Se ha vuelto lugar común aquello de que los críticos del presidente López Obrador caemos en sus cortinas de humo. Se soslaya el hecho de que muchos de sus distractores revisten gravedad, y no podemos ignorarlos. El ejemplo reciente es su anuncio de “pausar” la relación de México con España. El timing responde al reportaje de las casas de Houston pero la decisión corrobora que, al enojo desbocado del que hablé en mis dos anteriores artículos, hay que añadir algo más preocupante: la discrecionalidad de la que está impregnada su peculiar concepción de la justicia.
A AMLO no le importa cómo se traduzca esa “pausa” en términos diplomáticos. Lo que le interesa es vengarse de diversas instancias españolas: de la Corona porque no le cumplió su deseo de pedir perdón por lo que Carlos I de Castilla y Aragón y V del Sacro Imperio Romano Germánico (el Reino de España no existía aún) detonó contra quienes dominaron la Triple Alianza (faltaban tres siglos para que existieran los Estados Unidos Mexicanos); del gobierno porque apoyó a las empresas de su país; de los empresarios porque tomaron a México como tierra de conquista. Nótese que los verbos están conjugados en pretérito, ya que desde el inicio de la 4T no se permite a nadie abusar de nosotros. No se trata, pues, de enmendar entuertos de hoy sino de castigar los de ayer. Y en vez de presentar denuncias contra los españoles y mexicanos que cometieron ilícitos (de esas denuncias que exigía en el caso del ex futuro embajador en Panamá) AMLO prefiere ajustar cuentas discrecionalmente. Suya es la potestad de acusar, juzgar y sentenciar.
Permítaseme hacer una traducción libre del exabrupto hispanófobo. “Los gachupines nos invadieron, nos volvieron a colonizar económicamente en el periodo neoliberal, Iberdrola se alió nada menos que con Calderón, cabildea contra mi reforma eléctrica y su jefe fue arrogante e irrespetuoso conmigo, así que ahora se joden todos en lo que resta de mi Presidencia; ¡tengan para que aprendan!”. No hay intención de mejorar la relación: hay un anacrónico ánimo de revancha.

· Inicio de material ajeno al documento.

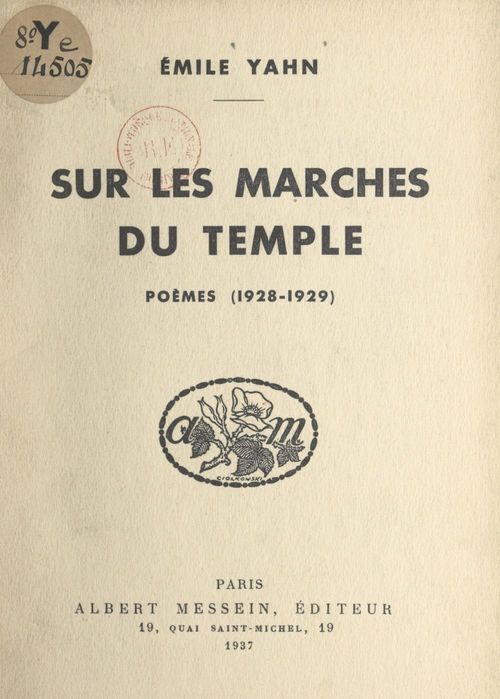 Couverture ebook de Sur les marches du temple, de Emile Yahn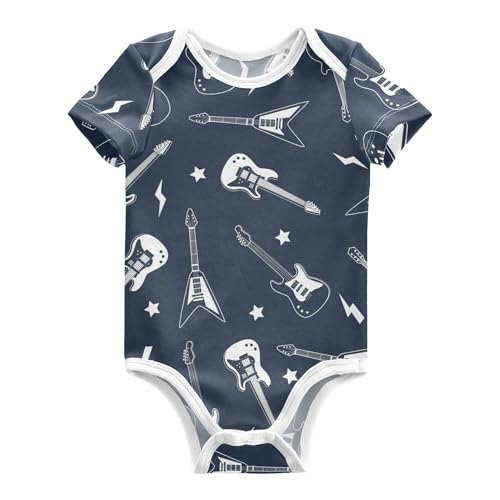 Image of Mazeann Guitar Baby Bodysuits Soft Cotton Short Sleeve Baby Clothes for Girls Boys, 3-6 months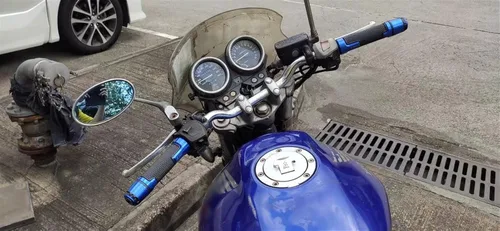 Vista 3 de Tapón para manillar de motocicleta, pomos antideslizantes para mango de scooter extremos de manillar de mano de 7/8 pulgadas 0.866 in con logotipo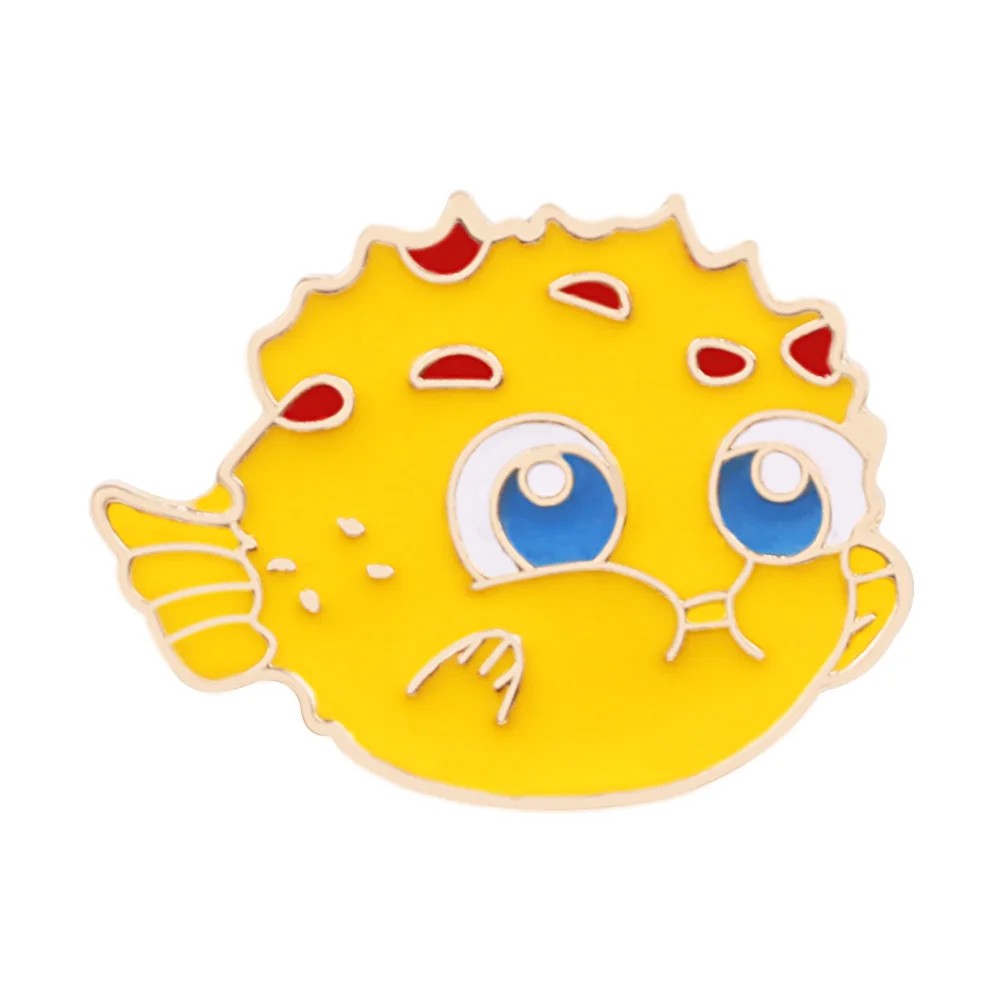 puffer fish Океан животное брошка мультфильм милый Морской Мир Рыба Акула фугу Рыба Кит мини Эмаль Булавка Нагрудный значок Броши для женщин детский подарок - Окраска металла: puffer fish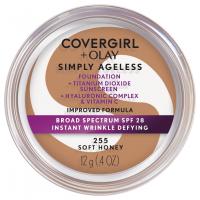 Covergirl & Olay Simply Ageless Instant Wrinkle-Defying Foundation, 255 Soft Honey - 0.44 Fl Oz (12 ml)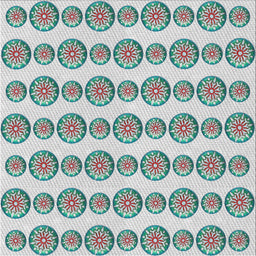 Square Patterned Grayish Turquoise Green Novelty Rug, pat735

Ese es el AMLO justiciero. Si en el camino perjudica a mexicanos que dependen de empresas españolas o estudian en España, ni hablar; son gajes de un rencor disfrazado de dignidad.
La mezcla en altas dosis de poder, revanchismo y discrecionalidad es muy peligrosa. El poderoso que guarda resentimiento y cree que su criterio es más justo que la ley hace mucho daño. Entre lo discrecional y lo arbitrario media un solo paso, que se da al perder la capacidad de autocontención racional. Es lo que le ocurrió a AMLO cuando decidió contragolpear a Loret: actuó atrabiliariamente y, aunque la astucia le alcanzó para presentar sus datos salariales de tal manera que no se le impute un delito (me los mandó el pueblo, por eso son imprecisos), el recurso fue tan extremo que le será imposible convencer a la opinión pública de que no recurrió a información privilegiada (y de que no veta periodistas: ¿cómo está eso de que “me lo va a tener que aclarar Televisa”?). La obnubilación, esa que suele endilgar burlonamente a sus críticos, es ahora toda suya.
El presidente que mantuvo en la inanición a sus opositores empieza a nutrirlos. El peor enemigo de AMLO ya es él mismo, y lo invoca a discreción.